BEGIN Source material

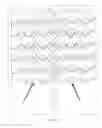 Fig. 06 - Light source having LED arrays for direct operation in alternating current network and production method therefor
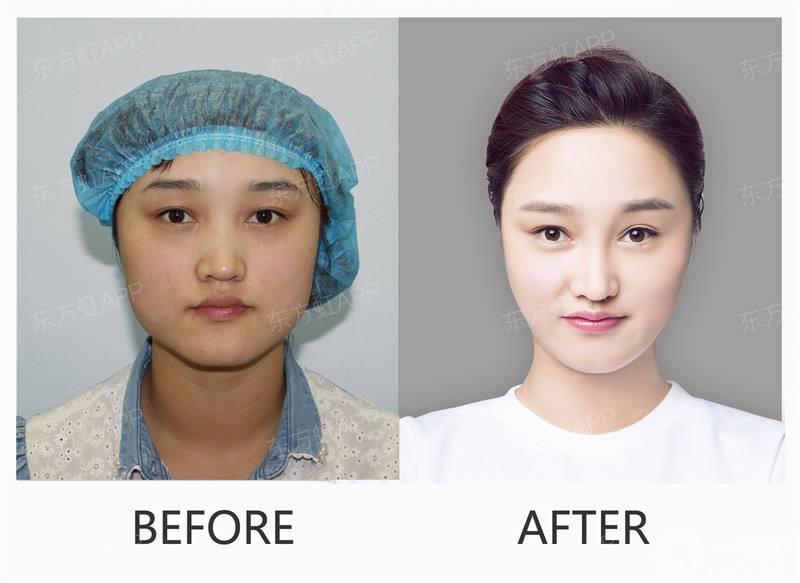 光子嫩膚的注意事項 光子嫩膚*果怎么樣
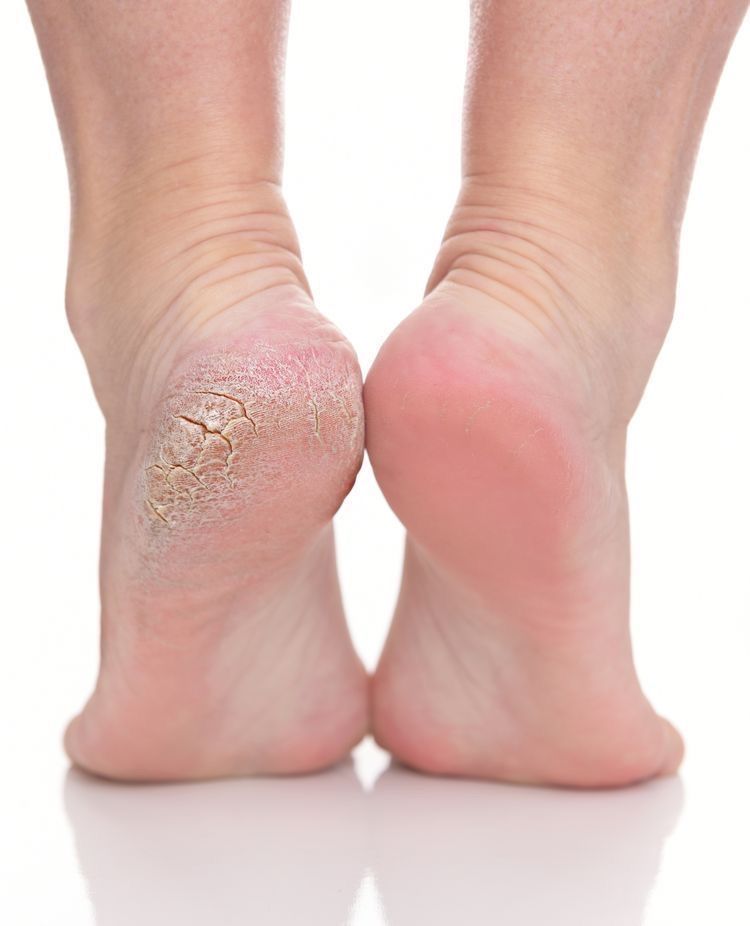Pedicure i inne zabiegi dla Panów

END Source material

Your task
In copying the listing, reproduce each line exactly and omit the pictures.

Exercise response
 Fig. 06 - Light source having LED arrays for direct operation in alternating current network and production method therefor
 光子嫩膚的注意事項 光子嫩膚*果怎么樣
Pedicure i inne zabiegi dla Panów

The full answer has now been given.